An hour later, Mr. Selinger was telling more than 300 party faithful a Tory government would spell disaster for Manitoba.

“We know the Conservatives would cut the things that matter to Manitoba families. We can't let them near our health-care system,” the NDP premier told the crowd.

“Can we believe Mr. McFadyen will protect our lakes and rivers?”

“No,” party members responded in unison.

Mr. Selinger also accused Mr. McFadyen of having a secret plan to privatize Manitoba Hydro, fire nurses and cut public-sector jobs – which the Tory leader has denied.

Across town, Mr. McFadyen was accusing the NDP of having its own hidden agenda.

“Mr. Selinger says he will balance the budget by 2014, which we know can't happen without one of two things – deep spending cuts or a major tax increase for Manitoba families,” Mr. McFadyen said.

Analysts and opinion polls suggest Mr. Selinger is in a tight battle to take the New Democrats to a fourth consecutive majority on Oct. 4 – a date set under the province's new fixed election law.

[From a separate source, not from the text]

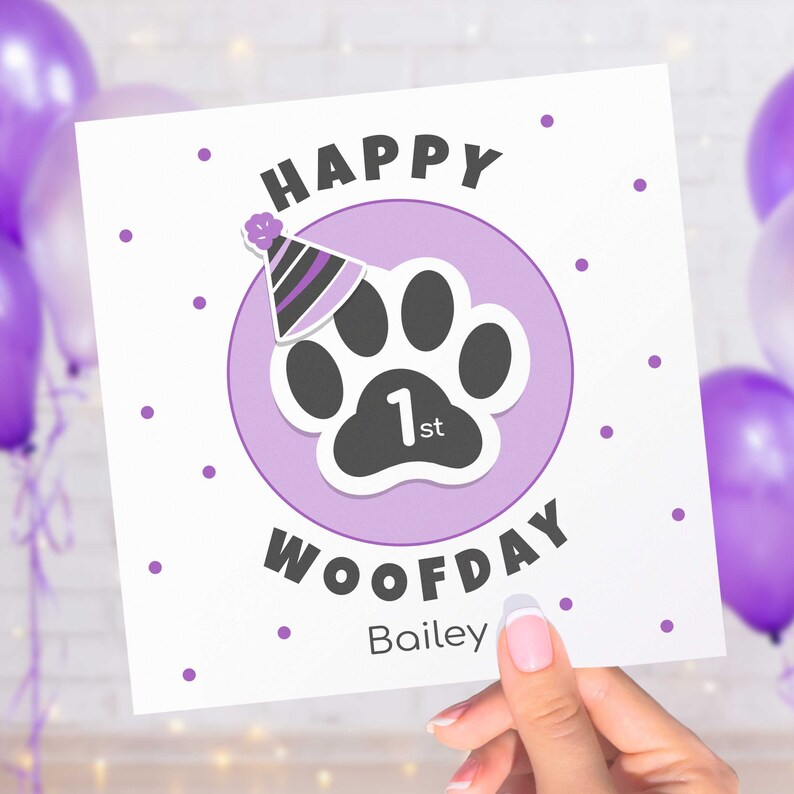 Puede incluir: Tarjeta de felicitaci&oacute;n cuadrada con las palabras "HAPPY WOOFDAY" y el nombre "Bailey". La tarjeta presenta una huella de pata con un gorro de fiesta y el n&uacute;mero "1st" dentro de un c&iacute;rculo lila, con lunares morados.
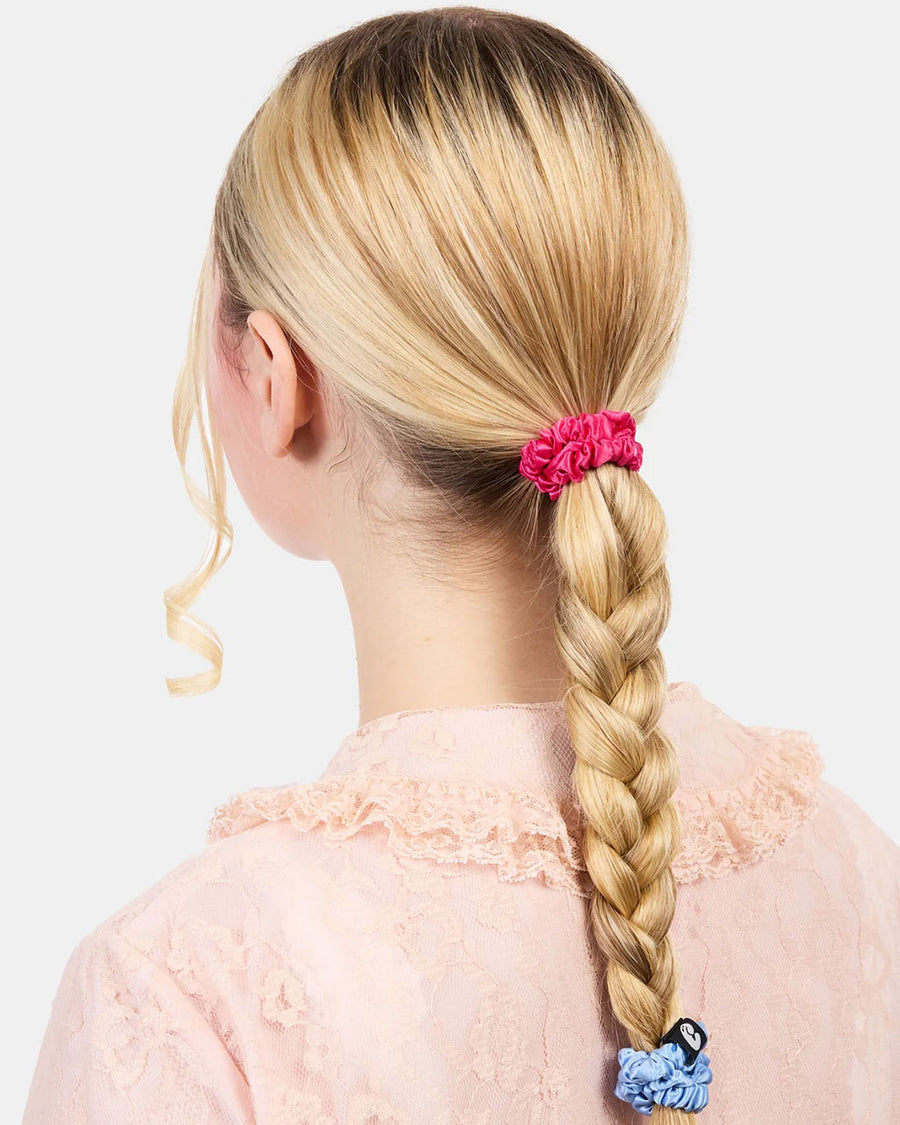 model wearing set of three skinny silk hair scrunchies: grey, hot pink and periwinkle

The campaign is the first real test of Mr. Selinger's popularity. He was chosen when Gary Doer resigned in 2009 to become Canada's ambassador to the U.S.

NDP support dipped in opinion polls several months after the transition when the economy appeared set to falter and government-backed projects such as Winnipeg's new football stadium needed a controversial infusion of cash. But recent polls suggest the New Democrats are running neck-and-neck with the Conservatives, although the NDP holds a substantial edge in seat-rich Winnipeg.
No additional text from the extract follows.